YOUR GOAL ▸
Start at the line below containing "Old man with" and stop at the line containing "In Cimaung, Indonesia, on". Repeat every line of that stretch exactly, and nothing outside it.

══════════

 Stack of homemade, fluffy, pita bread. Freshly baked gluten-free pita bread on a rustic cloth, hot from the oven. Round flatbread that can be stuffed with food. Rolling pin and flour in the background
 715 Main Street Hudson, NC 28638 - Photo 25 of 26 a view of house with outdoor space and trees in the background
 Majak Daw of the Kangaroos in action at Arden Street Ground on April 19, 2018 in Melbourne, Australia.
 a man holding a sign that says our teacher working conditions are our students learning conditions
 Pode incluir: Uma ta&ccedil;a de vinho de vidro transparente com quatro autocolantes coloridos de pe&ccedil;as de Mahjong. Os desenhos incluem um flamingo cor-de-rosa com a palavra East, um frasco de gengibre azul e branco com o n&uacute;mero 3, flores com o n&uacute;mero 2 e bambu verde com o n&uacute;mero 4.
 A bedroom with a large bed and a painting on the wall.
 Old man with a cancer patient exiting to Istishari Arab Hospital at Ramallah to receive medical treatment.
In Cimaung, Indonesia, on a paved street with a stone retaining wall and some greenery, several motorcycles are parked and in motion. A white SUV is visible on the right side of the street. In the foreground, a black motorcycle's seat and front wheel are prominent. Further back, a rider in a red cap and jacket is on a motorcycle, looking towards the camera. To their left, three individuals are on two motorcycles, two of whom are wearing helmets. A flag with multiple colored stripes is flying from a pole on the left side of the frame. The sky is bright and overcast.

══════════

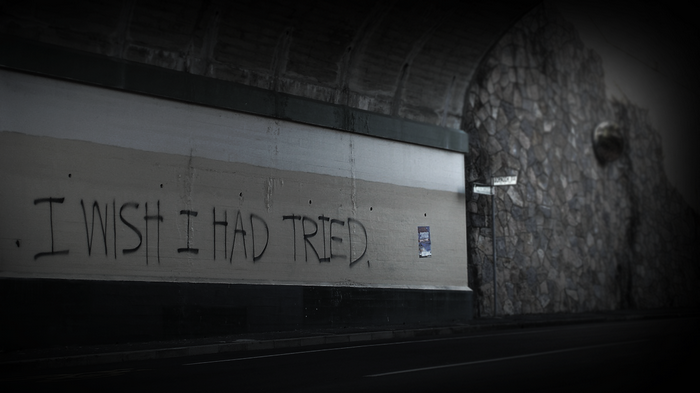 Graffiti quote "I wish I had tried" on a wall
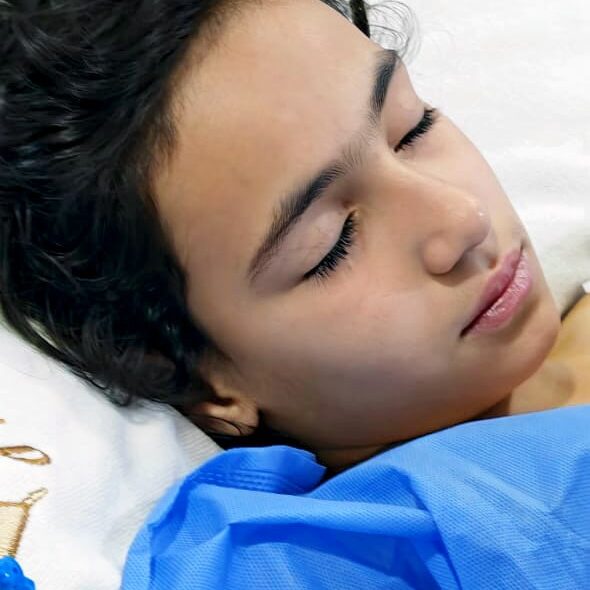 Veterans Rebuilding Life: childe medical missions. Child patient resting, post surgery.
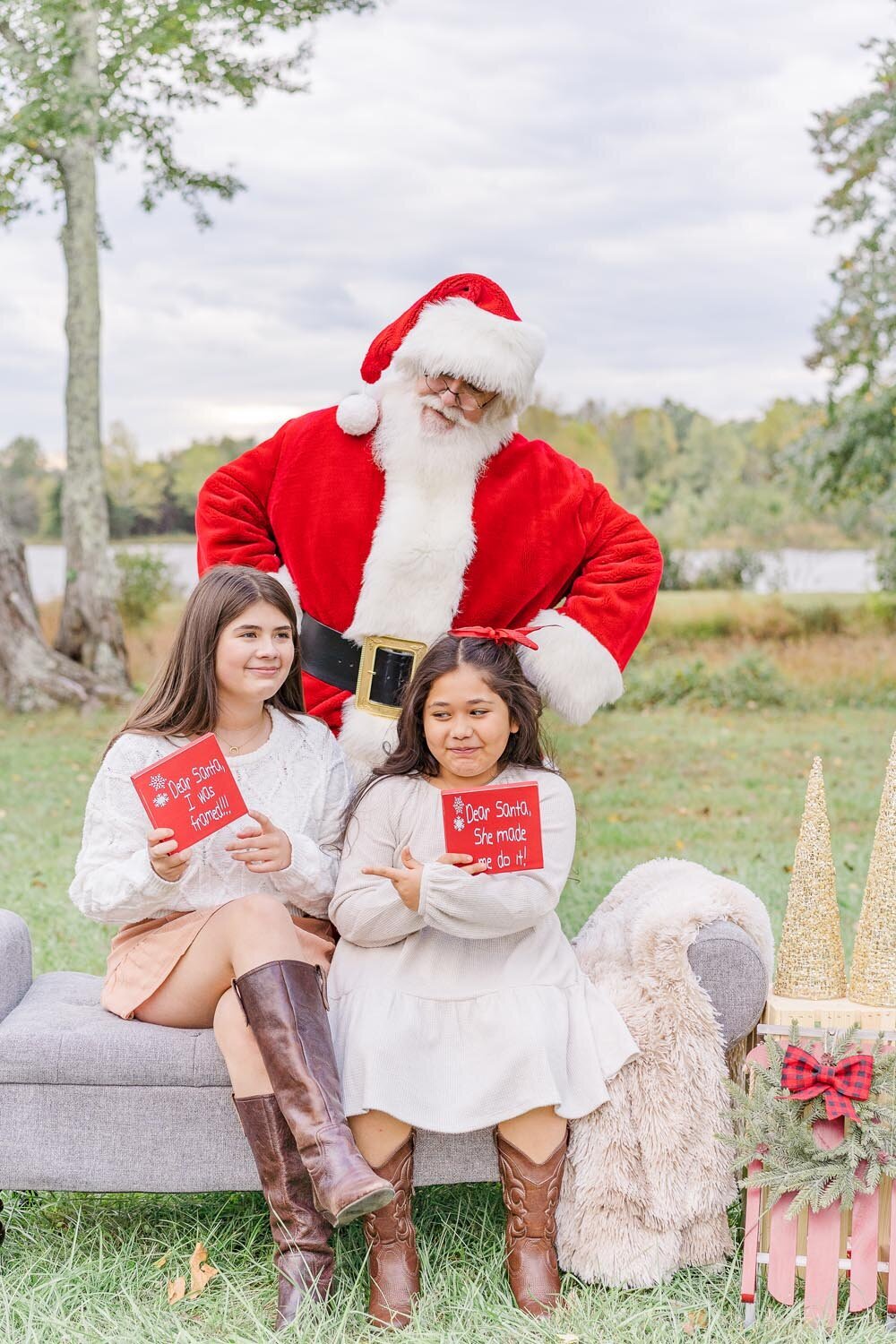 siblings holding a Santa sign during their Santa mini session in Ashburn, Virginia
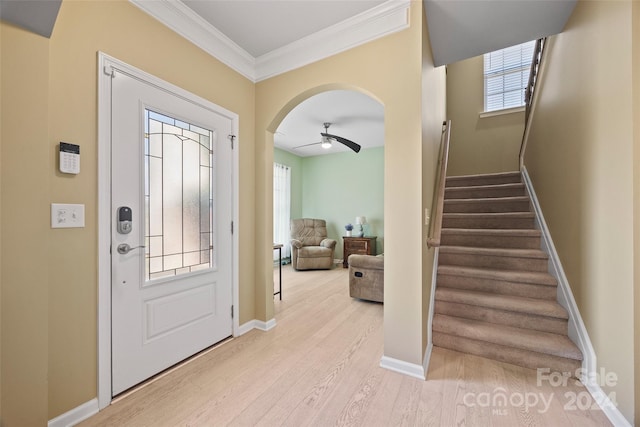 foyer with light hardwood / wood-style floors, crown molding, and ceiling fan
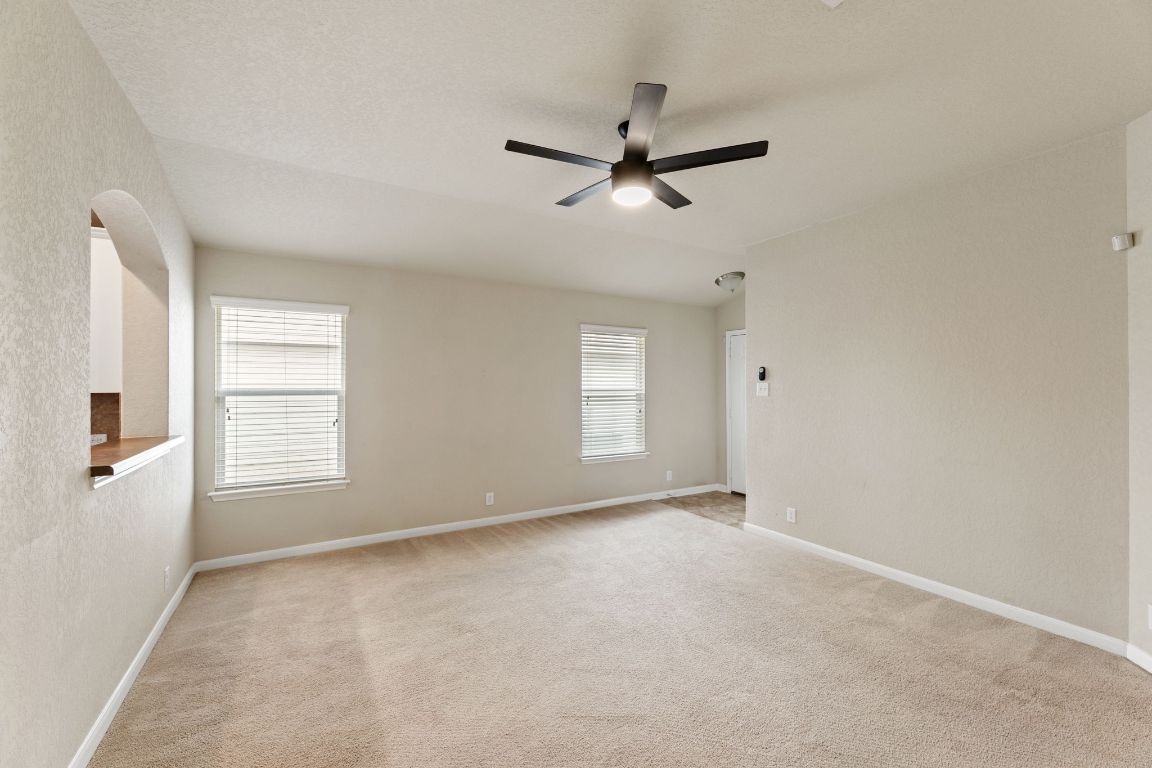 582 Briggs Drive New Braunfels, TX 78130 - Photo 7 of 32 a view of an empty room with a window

══════════

TASK ANSWER ▸
 Old man with a cancer patient exiting to Istishari Arab Hospital at Ramallah to receive medical treatment.
In Cimaung, Indonesia, on a paved street with a stone retaining wall and some greenery, several motorcycles are parked and in motion. A white SUV is visible on the right side of the street. In the foreground, a black motorcycle's seat and front wheel are prominent. Further back, a rider in a red cap and jacket is on a motorcycle, looking towards the camera. To their left, three individuals are on two motorcycles, two of whom are wearing helmets. A flag with multiple colored stripes is flying from a pole on the left side of the frame. The sky is bright and overcast.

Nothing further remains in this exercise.